*Aim of the task*
From the data below, copy exactly the lines that lie between the one holding "Face, black man and breathing outdoor" and the one holding "Womens Diesel Dark", including both, and nothing more.

*Data shown*
※ ※ ※
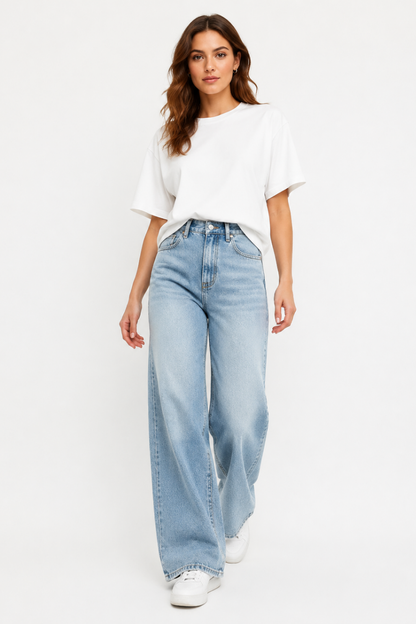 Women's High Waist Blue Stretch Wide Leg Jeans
※ ※ ※
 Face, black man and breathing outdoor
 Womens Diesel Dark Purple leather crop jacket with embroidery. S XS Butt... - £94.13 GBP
※ ※ ※
*The completed task*
 Face, black man and breathing outdoor
 Womens Diesel Dark Purple leather crop jacket with embroidery. S XS Butt... - £94.13 GBP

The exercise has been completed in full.